*** Raw data Section Begins ***

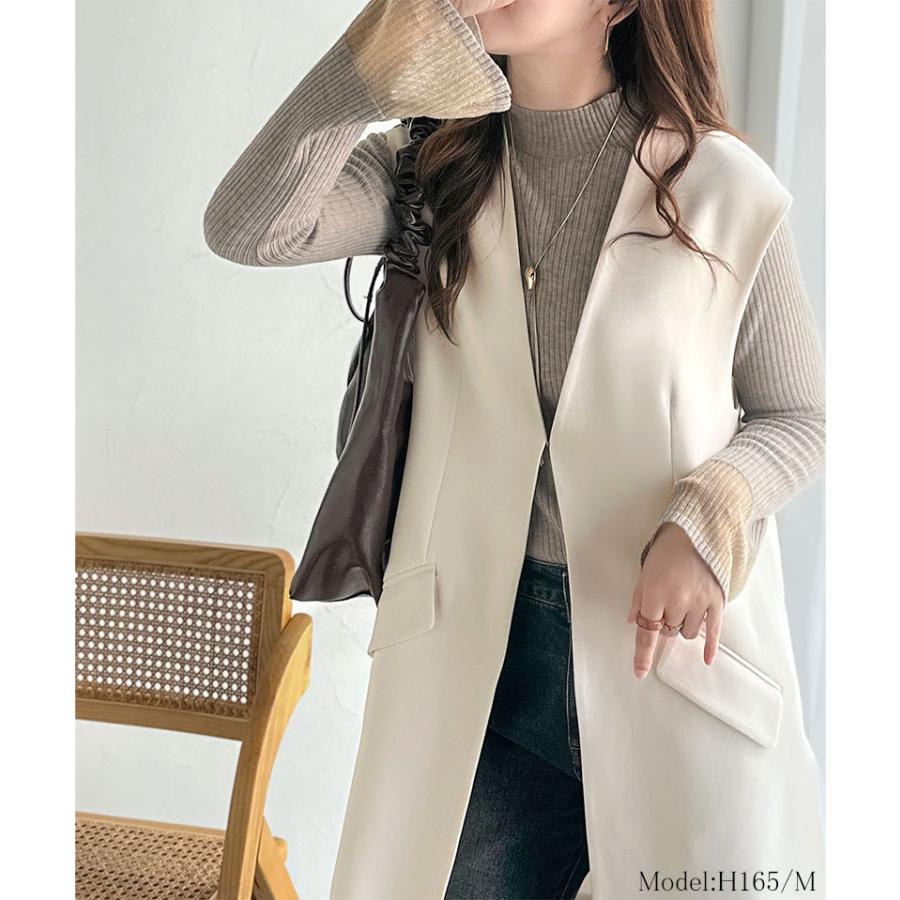 【 クラシカルエルフ classical elf 】 ベスト レディース 上品 トップス フラップ ポケット 付き ロング ジレ レイヤードコーデ セットアップ可能 Vネック | classicalelf | 02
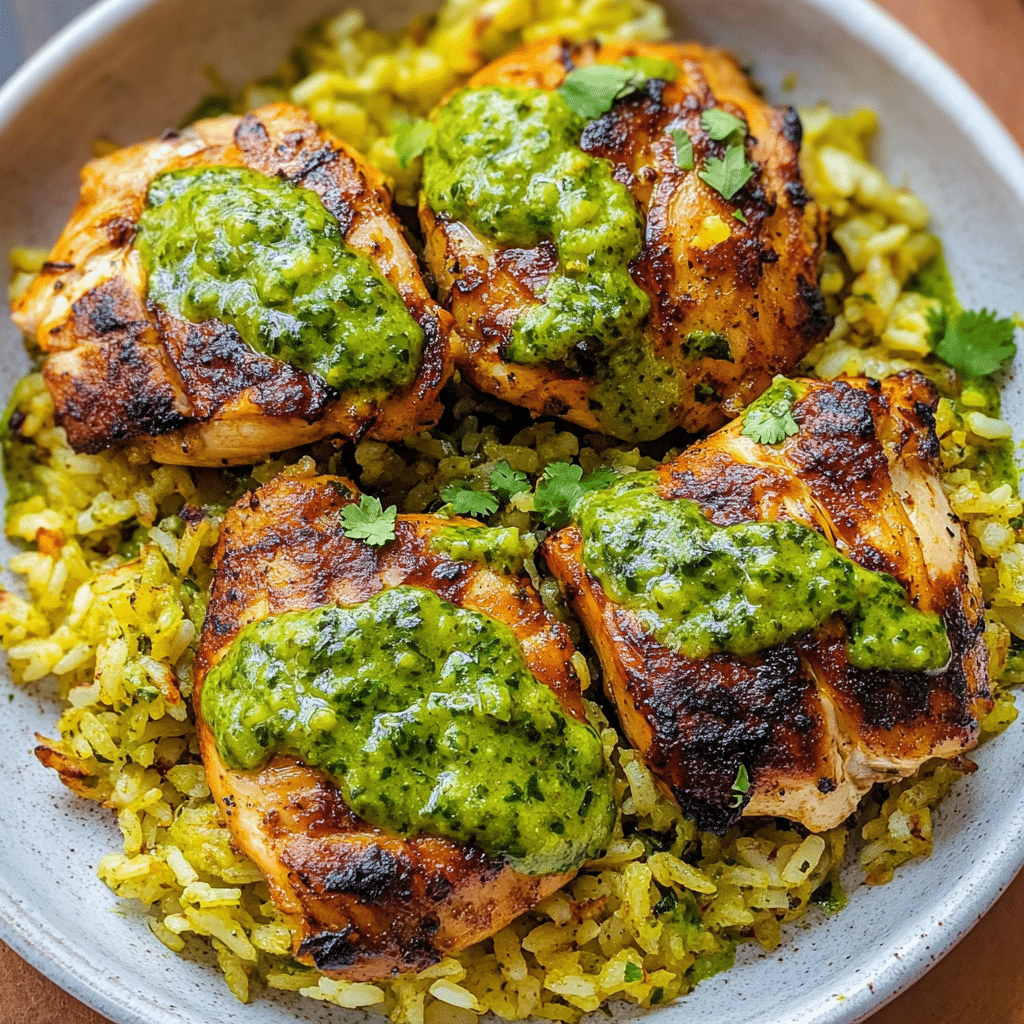 Peruvian Chicken and Rice with Green Sauce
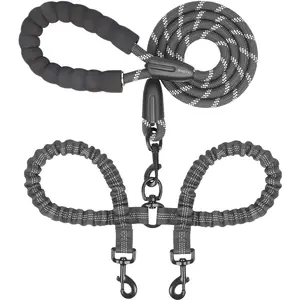 【Father's Day Gift】Dual Dog Leash, Double Dog Leash, 360 Swivel No-Tangle Walking Leash, Shock Absorbing Bungee for Two Dogs, Holiday Gift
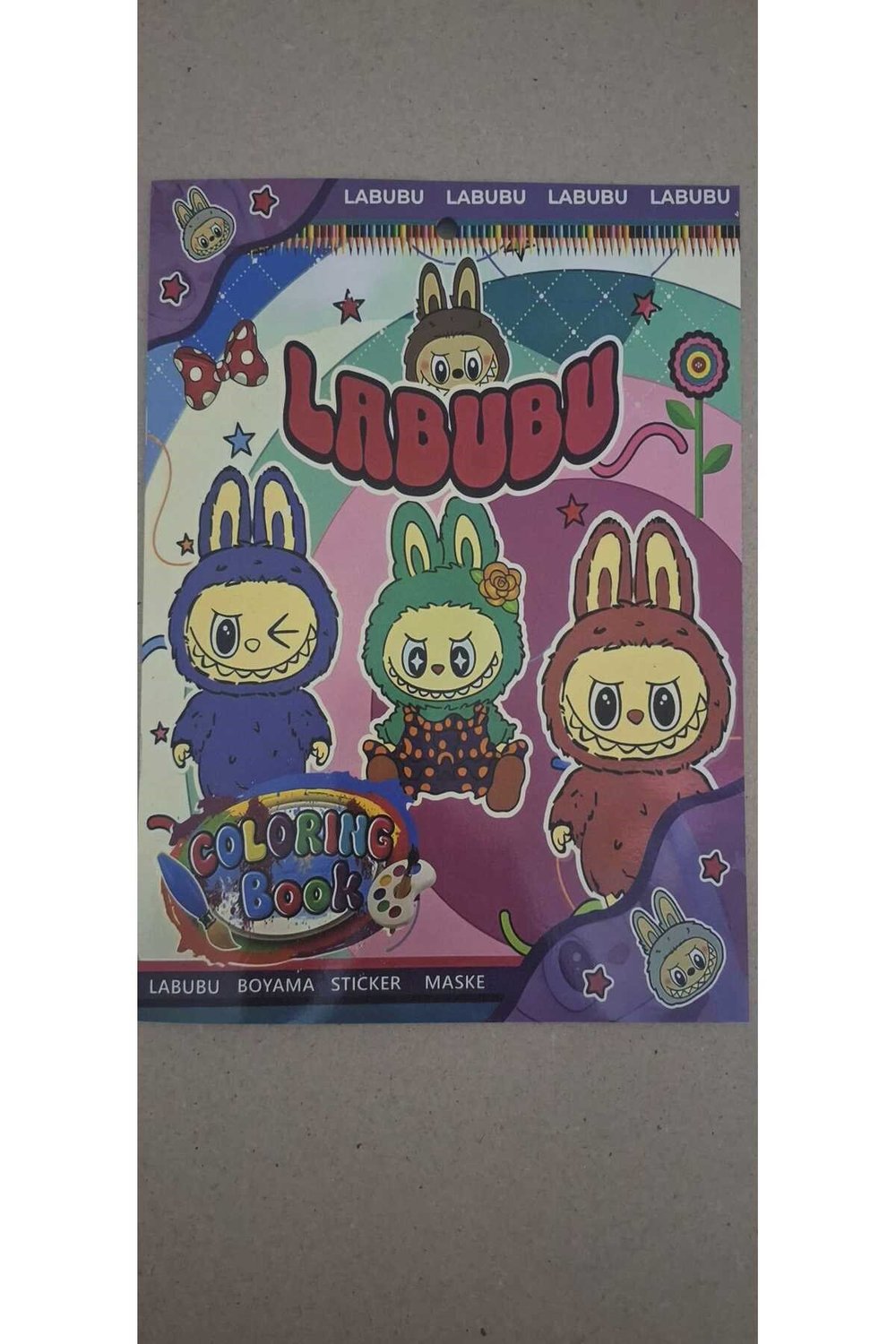 Boyama Kitabı Stickerlı Arka Kapak Kesilerek Maskeli Boyama Sayfası 16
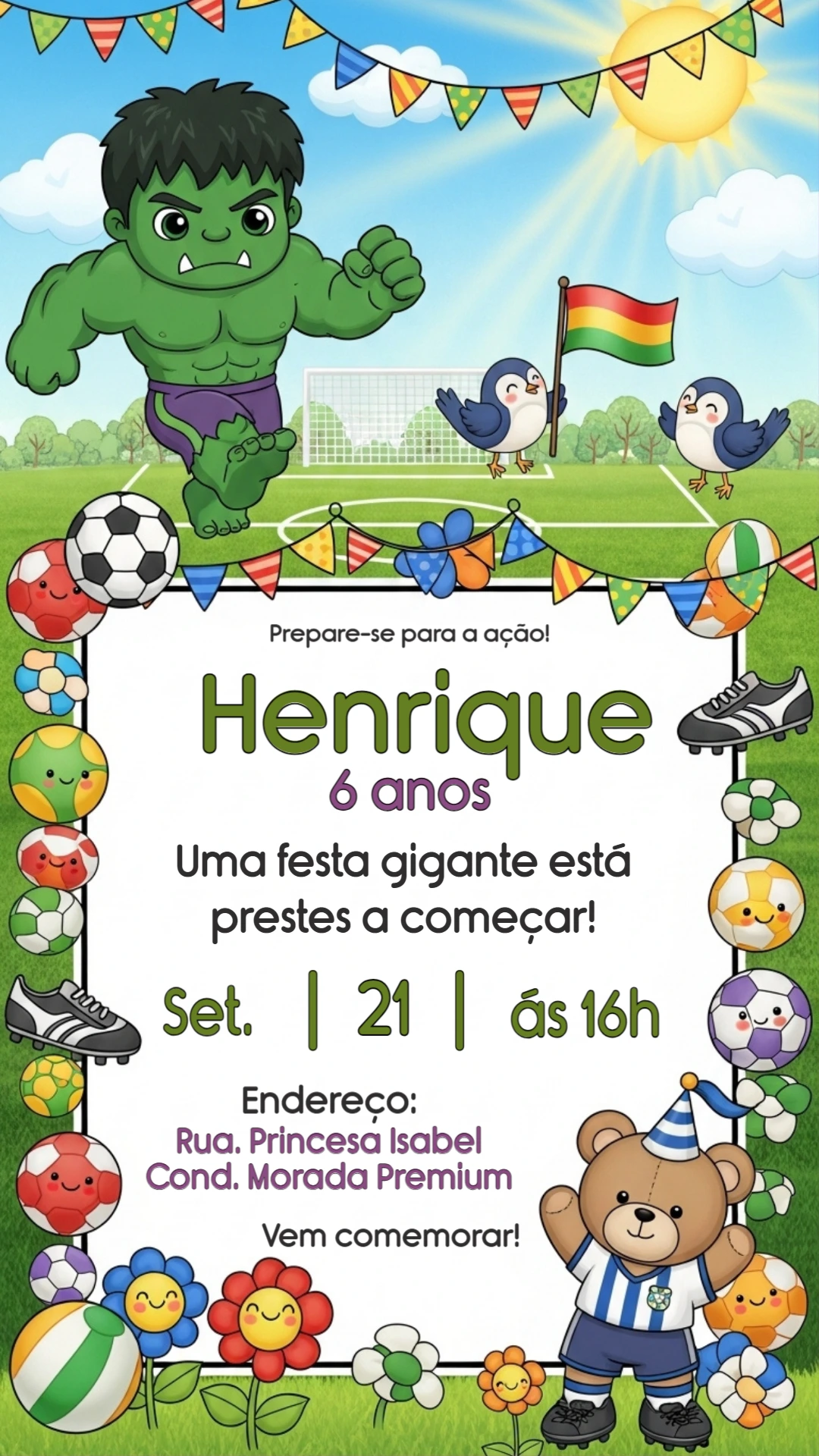 Convite de Aniversário Hulk e Futebol para Editar Online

*** Raw data Section Ends ***

Task requirements =>
Retype the data above exactly. Leave the pictures out.

Solution to this task =>
 【 クラシカルエルフ classical elf 】 ベスト レディース 上品 トップス フラップ ポケット 付き ロング ジレ レイヤードコーデ セットアップ可能 Vネック | classicalelf | 02
 Peruvian Chicken and Rice with Green Sauce
 【Father's Day Gift】Dual Dog Leash, Double Dog Leash, 360 Swivel No-Tangle Walking Leash, Shock Absorbing Bungee for Two Dogs, Holiday Gift
 Boyama Kitabı Stickerlı Arka Kapak Kesilerek Maskeli Boyama Sayfası 16
 Convite de Aniversário Hulk e Futebol para Editar Online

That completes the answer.